-- INFORMATION SUPPLIED --
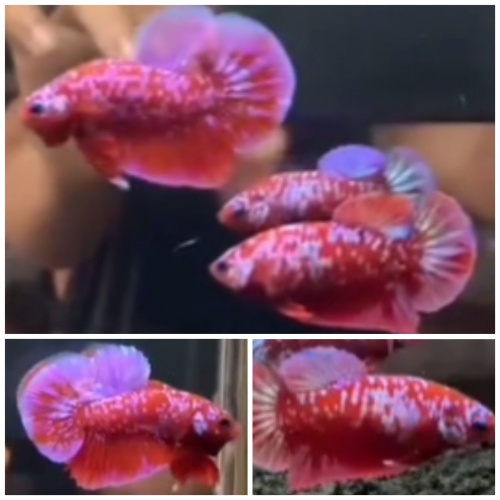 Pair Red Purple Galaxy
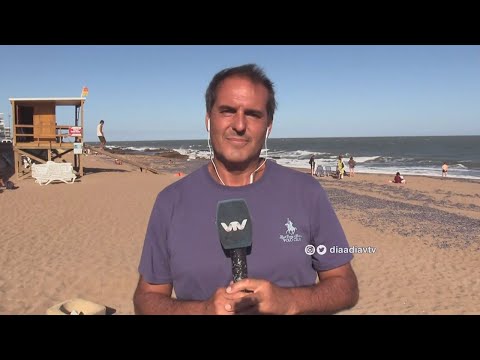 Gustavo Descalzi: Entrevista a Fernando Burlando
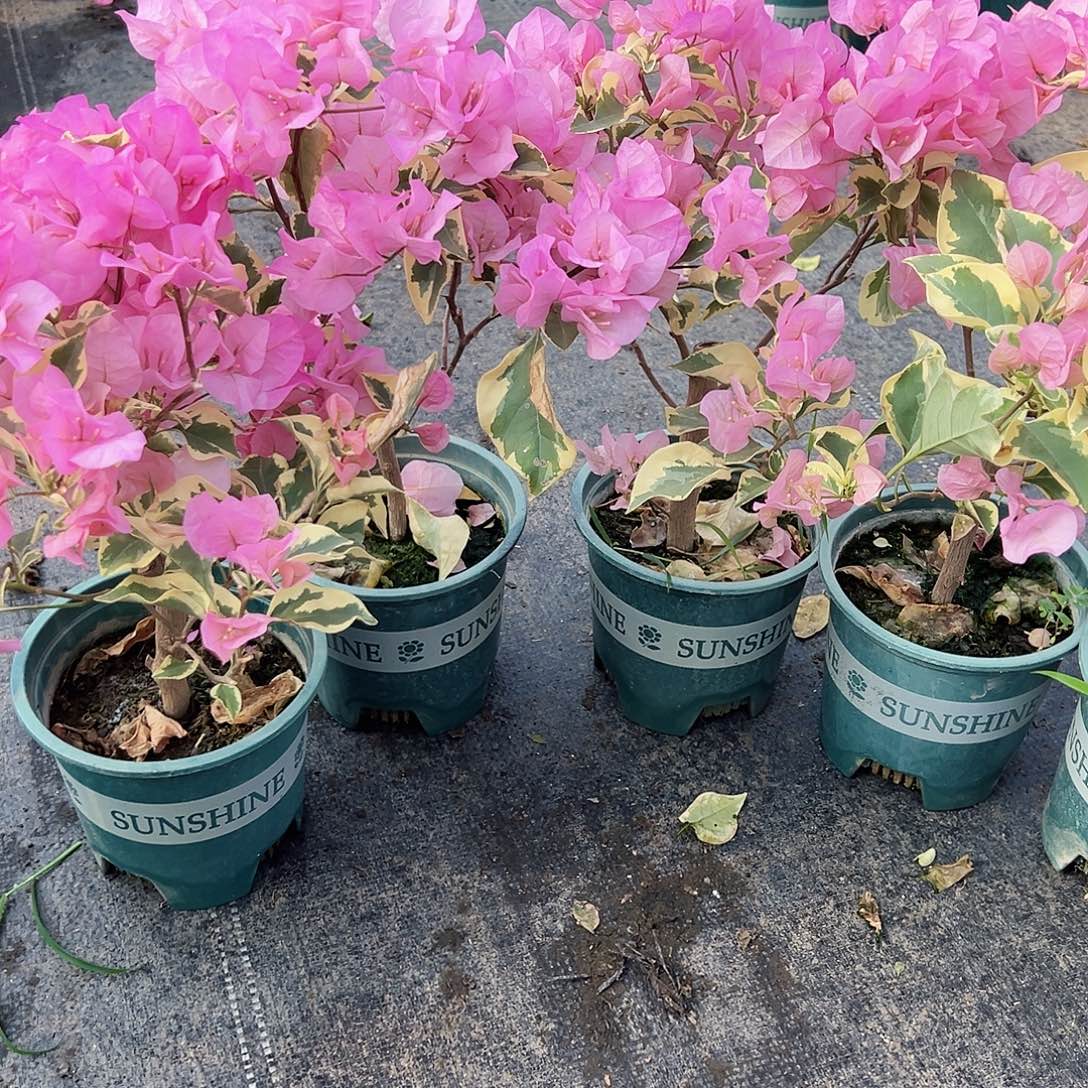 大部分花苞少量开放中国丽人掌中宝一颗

-- BRIEF --
Reproduce the listing exactly, minus its pictures.

-- ANSWER SPACE --
 Pair Red Purple Galaxy
 Gustavo Descalzi: Entrevista a Fernando Burlando
 大部分花苞少量开放中国丽人掌中宝一颗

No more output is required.